The Practical Employment Law Podcast

Non-Compete Agreements: Five Mistakes by Three Parties

December 08, 2020 Mark Chumley Episode 4
The Practical Employment Law Podcast
Non-Compete Agreements: Five Mistakes by Three Parties
Show Notes

Non-compete agreements are always a hot topic when employees move around a lot and due to COVID-19, a lot of employers have had reductions in force this year.  As a result, we’ve seen an uptick in questions about non-competes.  In the typical case, an employee leaves one employer for a new employer and the former employer believes that the employee is violating his or her non-compete agreement.  Thus, in any non-compete case, there are three possible parties: 1) the former employer; 2) the employee; and 3) the new employer.
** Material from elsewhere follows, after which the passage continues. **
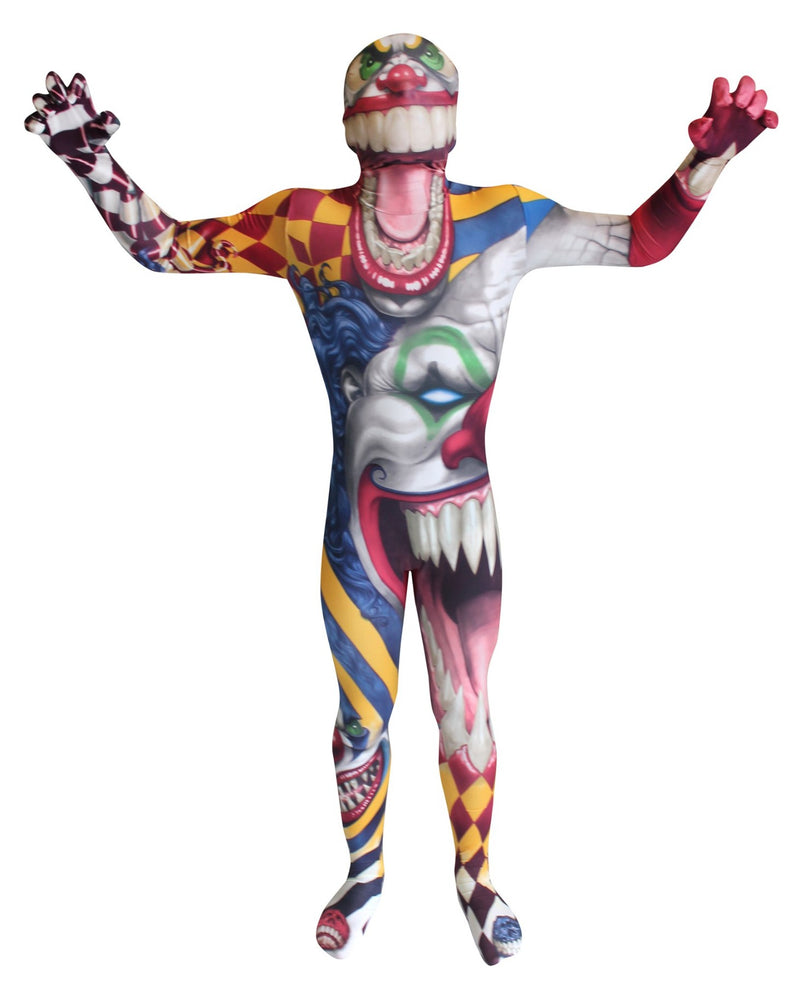 Children's Clown Morphsuit Costume 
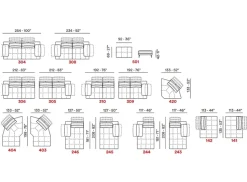 Divano Bucci Max divani in Tessuto a 2228€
Each of these parties may make mistakes that interfere with their interests in litigation over the non-compete.  In this episode of The Practical Employment Law Podcast, I discuss five mistakes that each of the three potential parties commonly makes and how to avoid them.  Here are the mistakes:

Former Employer Mistakes:

  1. One size fits all agreements;
  2. Administrative failures;
  3. Inconsistent enforcement;
  4. Failing to define trade secrets;
  5. Failing to protect trade secrets.

Employee Mistakes:

  1. Taking documents or information from the former employer;
  2. Going to a direct competitor;
  3. Not disclosing a non-compete agreement to the new employer;
  4. Relying on rumors;
  5. Working for the new employer while still employed by the former employer.

New Employer Mistakes:

  1. Not asking about non-competes during the interview;
  2. Poaching the competition’s employees;
  3. Allowing the employee to violate his or her non-compete;
  4. Allowing the employee to upload documents to company servers;
  5. Asking the employee to do work while still employed by the former employer.